Herb Gardner, "General-All-Purpose Apology"

I shall now leave you breathless with the strange and wondrous tale of this sturdy lad's adventures today in downtown Oz.

Picture, if you will, me. I am walking on East Fifty-first Street an hour ago and I decided to construct and develop a really decorative, general-all-purpose Apology. Not complicated, just the words "I am sorry" said with a little style.

Sorry for what? Anything. For being late, early, stupid, asleep, silly, alive--

Well, y'know when you're walking down the street talking to yourself how sometimes you suddenly say a coupla words out loud? So I said "I'm sorry," and this fellah, complete stranger, he looks up a second and says "That's all right, Mac," and goes on.

He automatically forgave me.

I communicated. Five o'clock rush hour in midtown you could say "Sir, I believe your hair is on fire," and they wouldn't hear you. So I decided to test the whole thing out scientifically, I stayed right there on the corner of Fifty-first and Lex for a while, just saying "I'm sorry" to everybody that went by. "Oh, I'm so sorry, sir..." "I'm terribly sorry, madam..." "Say there, Miss, I'm sorry."

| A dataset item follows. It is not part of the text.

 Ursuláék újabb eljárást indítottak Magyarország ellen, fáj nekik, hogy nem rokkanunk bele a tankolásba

Of course, some people just gave me a funny look, but I swear, seventy-five percent of them forgave me! "Forget it, buddy." "That's O.K. really." Two ladies forgave me in unison, one fellah forgave me from a passing car, and one guy forgave me for his dog. "Poofer forgives the nice man, don't you, Poofer?"

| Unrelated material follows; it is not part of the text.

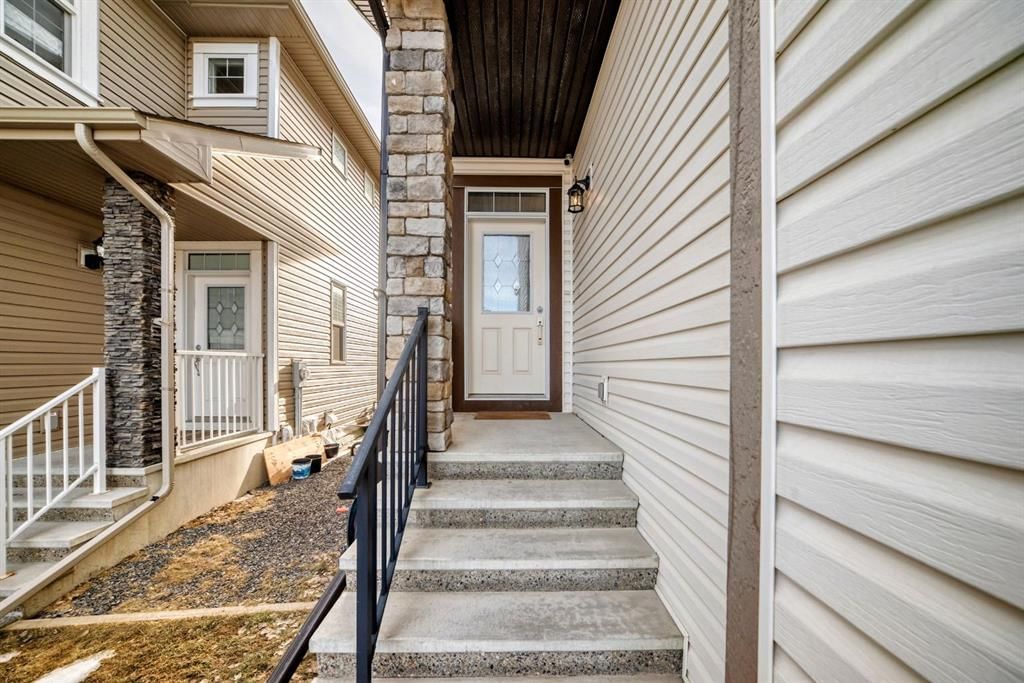 201 Sherwood Heights NW, Calgary — photo 2 of 42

It was fabulous. I had tapped some vast reservoir. Something had happened to all of them for which they felt somebody should apologize. If you went up to people on the street and offered them money, they'd refuse it. But everybody accepts apology immediately. It is the most negotiable currency. I said to them "I am sorry," and they were all so generous, so kind. You could give 'em love and it wouldn't be accepted half as graciously, as unquestioningly.

I could run up on the roof right now and holler "I am sorry," and half a million people would holler right back, "That's O.K., just see that you don't do it again!"

That's the most you should expect from life, a really good apology.